Despite the timeout error, the certificates are created and waiting, but they aren't tracked in state.

[nikydobrev]

I'm experiencing the same issue as well. It seems that is not related to the azurerm provider version. I am currently using "2.58.0".

[MariaPhoenix]

Seeing the same issue since last week, using providers, 2.49 up to 2.64. Seem this may be some api change on the Azure side?

[a-mcf]

This seems to be region based to an extent. We've found that this works fine in US East 2, but US East is slower and fails. Either way, it looks like the timeout should be adjusted.

[gk-fschubert]

This seems to be region based to an extent. We've found that this works fine in US East 2, but US East is slower and fails. Either way, it looks like the timeout should be adjusted.

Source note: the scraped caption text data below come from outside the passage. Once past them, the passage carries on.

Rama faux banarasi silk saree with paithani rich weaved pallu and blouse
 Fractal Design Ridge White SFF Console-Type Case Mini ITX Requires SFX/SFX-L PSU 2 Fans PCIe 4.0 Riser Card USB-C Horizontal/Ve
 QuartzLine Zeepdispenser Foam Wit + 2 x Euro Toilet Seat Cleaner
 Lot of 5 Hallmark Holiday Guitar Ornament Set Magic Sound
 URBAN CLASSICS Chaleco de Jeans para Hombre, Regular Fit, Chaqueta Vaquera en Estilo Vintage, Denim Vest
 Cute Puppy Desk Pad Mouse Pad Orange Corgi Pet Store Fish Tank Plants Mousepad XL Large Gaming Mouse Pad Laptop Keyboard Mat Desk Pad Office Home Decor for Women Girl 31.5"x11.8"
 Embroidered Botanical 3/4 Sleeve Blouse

We've the same issue in West Europe and Germany West Central

[mancaus]

We're experiencing this in North Europe and raised a ticket. We've received confirmation that long running key vault operations in general are taking longer to complete, and that this is expected to last around a month.

[alexinthesky]

agreed with what is said in #12347, the timeout happens 'somewhere else' so we may have something off in the code managing the create or read timeouts in this resource

[alexinthesky]

^^that's my first MR to the provider. how could I get a maintainer to look at it / get the pipelines to run?

[jackofallops]

Hi all - Azure have been rolling out (or possibly back? I'm having trouble getting details...) a patch to KeyVaults that was linked to performance problems in some regions, is this still a problem for folks here? I'll review the linked PR just in case, but hold off on a merge until I know it's still an ongoing issue.

[a-mcf]

@jackofallops - Support told me that they had a hotfix rolling out that was expected to be done by 7/15. Things have been working better for me. That said, if the resource wasn't correctly honoring timeout values and this fixes it, why not merge it regardless?

[garretth9]

I was able to create several certificates today without seeing the failures we were seeing earlier in US East

[jackofallops]

Hi @a-mcf - It's not that the provider / resource isn't honouring timeouts, it's attempting to deal with eventual consistency of that resource under normal circumstances. The failure is due to the underlying service not performing as intended. Whilst we could allow this, and indeed every resource, its maximum deadline to complete, this would quickly become a time expensive operation. We attempt to balance these resource availability checks against realistic values for success, and then we tend to err on the generous side to be sure. Rather than simply just keep extending tolerances, we need to be mindful of not simply papering over genuine issues in the service. Does that make sense?

[alexinthesky]

Hi I get your point and in the other side, I feel that this nearly works out of luck ( we fall in the default values of 20 checks ), which renders the whole thing a bit fragile to me considering the fluctuation we observe regarding the time azure takes for the creation of some ressources.

[tombuildsstuff]

👋

Since the issue in the upstream Azure API has since been fixed I believe this has been resolved - as such I'm going to close this issue for the moment, but if your still facing this on the latest version of the Provider then please open a new issue and we'll take another look.

Thanks!

[github-actions[bot]]

I'm going to lock this issue because it has been closed for 30 days ⏳. This helps our maintainers find and focus on the active issues. If you have found a problem that seems similar to this, please open a new issue and complete the issue template so we can capture all the details necessary to investigate further.